“Several students, the group argued, felt uncomfortable either supporting President Trump or engaging in civil discourse that the university might consider biased or offensive”
Why is free speech an ongoing problem on American college campuses? Shouldn’t that be one of the places where it’s never a problem?
FOX News reports:
University of Illinois settles suit with free speech group
The University of Illinois has settled in a lawsuit brought by a free speech group claiming that the Urbana-Champaign campus was violating the First Amendment with rules surrounding political and other forms of speech.
Fox News previously reported on the lawsuit, which was filed in 2019 and targeted three particular aspects of the university’s practices: the bias response team (BART), restrictions on posting flyers for political candidates, and “no contact directives” (NCT) that effectively function as restraining orders.
Speech First brought the case on behalf of member students attending the university.
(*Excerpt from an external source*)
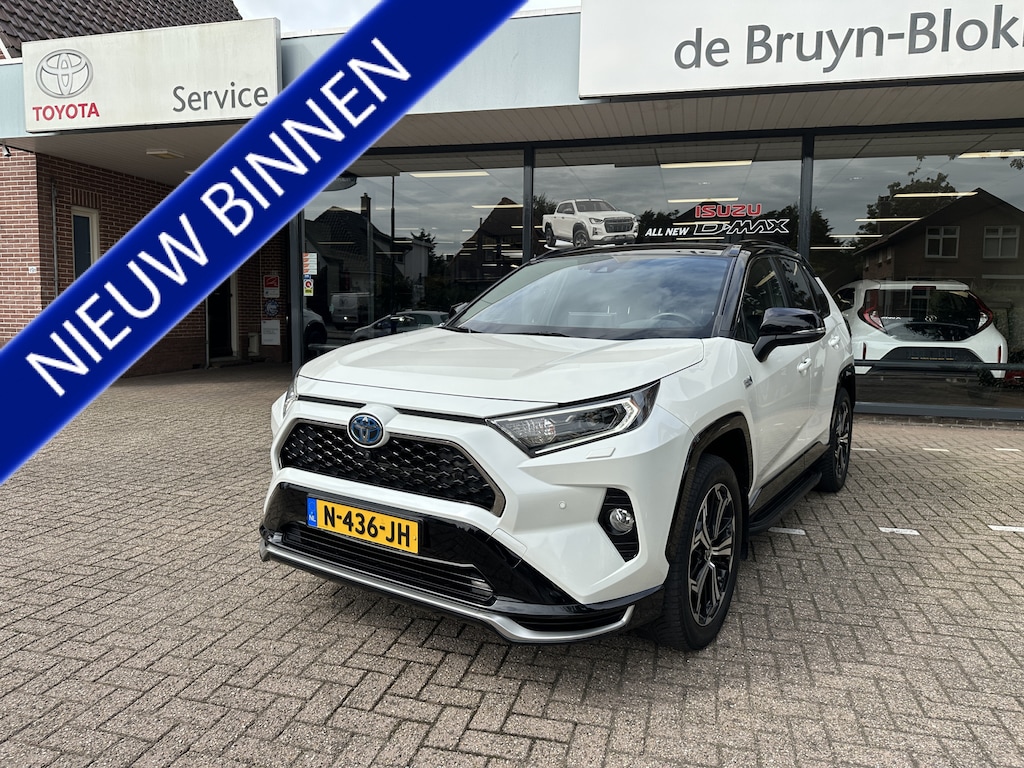 Toyota RAV4 2.5 Plug-in Hybrid AWD Bi-Tone Plus trekhaak / panoramadak / 360 monitor / stuurverwarming / JBL-audio / meest complete uitvoering / 10 jaar Toyota garantie-programma / Toyota pechhulppas / rijklaarprijs incl. garantie en onderhoud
Several students, the group argued, felt uncomfortable either supporting President Trump or engaging in civil discourse that the university might consider biased or offensive — a charge the group says could result in punishment including possible expulsion from university housing.
The settlement, obtained by Fox News and filed on Tuesday, includes an agreement that the university wouldn’t reinstate a requirement — repealed in July of 2019 — for prior approval of “promotional materials of candidates for non-campus elections.”
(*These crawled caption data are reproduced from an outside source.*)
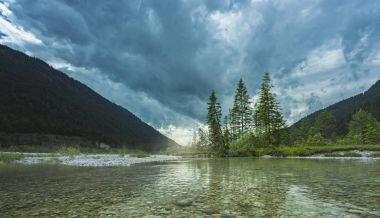 Bavyera topraklarda Isar Nehri  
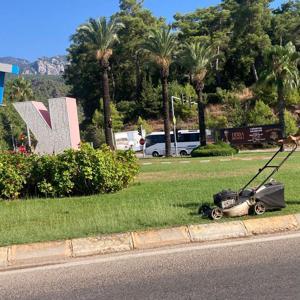 Kemer’de parklarda çim biçme çalışmaları
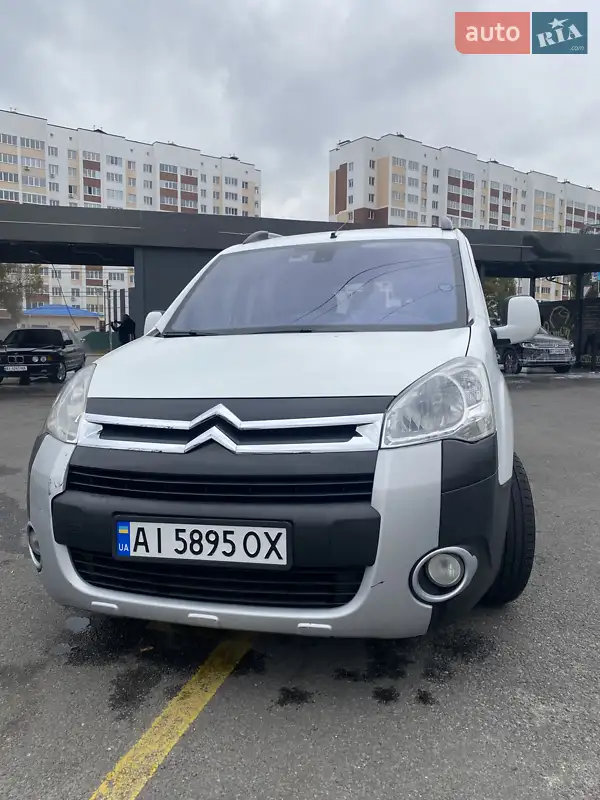 2011 citroen berlingo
It also clarified that the BART and “Bias Incident Protocol” (BIP) “have no authority to impose any form of discipline on any student.”
“These policy changes clarify that the university administration may not intimidate students into silence by accusing them of ‘bias,’” said Speech First president and founder Nicole Neily.
“As an alumna, I was particularly dismayed to see an institution that I once loved employing draconian, unconstitutional policies to muzzle speech with which they disagreed – my fellow Illini deserve better, and we are proud that this settlement makes clearer where the school’s authority ends.”